Another shot at optimizing redundant UBSAN_NULL statements.

This time we walk the dominator tree - that should result in
more effective optimization - and keep a list of UBSAN_NULL
statements that dominate the current block, see the comment
before sanopt_optimize_walker.  Statements coming from blocks
that are left during the CFG walk are lazily removed, but I
think that isn't really necessary: see the ??? comment.

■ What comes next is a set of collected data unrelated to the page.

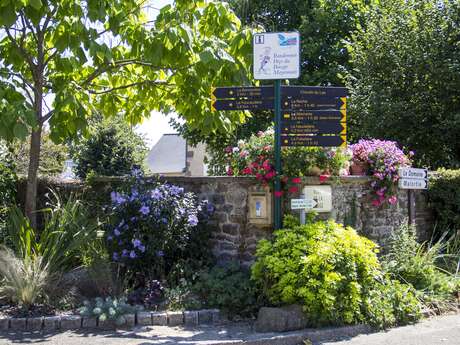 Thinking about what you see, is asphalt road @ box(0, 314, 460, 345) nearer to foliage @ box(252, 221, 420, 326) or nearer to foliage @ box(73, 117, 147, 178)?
foliage @ box(252, 221, 420, 326)

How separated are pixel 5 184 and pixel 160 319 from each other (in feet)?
13.4

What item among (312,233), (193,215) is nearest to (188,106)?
(193,215)

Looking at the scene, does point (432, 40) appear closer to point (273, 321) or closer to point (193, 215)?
point (193, 215)

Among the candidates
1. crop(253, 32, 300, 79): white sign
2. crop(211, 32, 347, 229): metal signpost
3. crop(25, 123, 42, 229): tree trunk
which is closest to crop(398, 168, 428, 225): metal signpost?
crop(211, 32, 347, 229): metal signpost

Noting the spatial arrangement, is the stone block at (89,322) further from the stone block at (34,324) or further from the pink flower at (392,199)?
the pink flower at (392,199)

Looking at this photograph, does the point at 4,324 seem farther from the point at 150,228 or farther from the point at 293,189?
the point at 293,189

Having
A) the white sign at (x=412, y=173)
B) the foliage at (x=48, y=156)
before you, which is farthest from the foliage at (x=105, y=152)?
the white sign at (x=412, y=173)

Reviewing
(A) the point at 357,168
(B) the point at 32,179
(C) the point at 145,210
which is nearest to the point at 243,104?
(C) the point at 145,210

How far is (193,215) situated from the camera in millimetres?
7609

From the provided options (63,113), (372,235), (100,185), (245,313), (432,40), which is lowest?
(245,313)

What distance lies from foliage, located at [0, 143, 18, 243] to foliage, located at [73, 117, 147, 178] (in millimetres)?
5907

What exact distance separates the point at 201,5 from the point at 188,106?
1559 millimetres

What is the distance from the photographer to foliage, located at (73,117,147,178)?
15719 mm

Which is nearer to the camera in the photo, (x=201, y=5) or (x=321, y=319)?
(x=321, y=319) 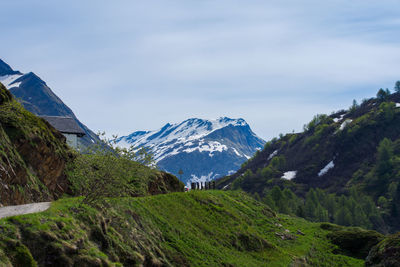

E.g. on http://ur1.ca/iohtf this allowed us to drop 8 stmts.

I moved all of this into new sanopt.c file.
(I guess that file includes some headers that we in fact don't
need, but the header flattening doesn't make it easy to check,
there are too many of them.)

Bootstrapped(-ubsan)/regtested on x86_64-linux, ok for trunk?

2014-11-03  Marek Polacek  <pola...@redhat.com>

        * Makefile.in (OBJS): Add sanopt.o.
        (GTFILES): Add sanopt.c.
        * asan.h (asan_expand_check_ifn): Declare.
        * asan.c (asan_expand_check_ifn): No longer static.
        (class pass_sanopt, pass_sanopt::execute, make_pass_sanopt): Move...
        * sanopt.c: ...here.  New file.
testsuite/
        * c-c++-common/ubsan/align-2.c: Remove dg-output.
        * c-c++-common/ubsan/align-4.c: Likewise.
        * g++.dg/ubsan/null-1.C: Likewise.
        * g++.dg/ubsan/null-2.C: Likewise.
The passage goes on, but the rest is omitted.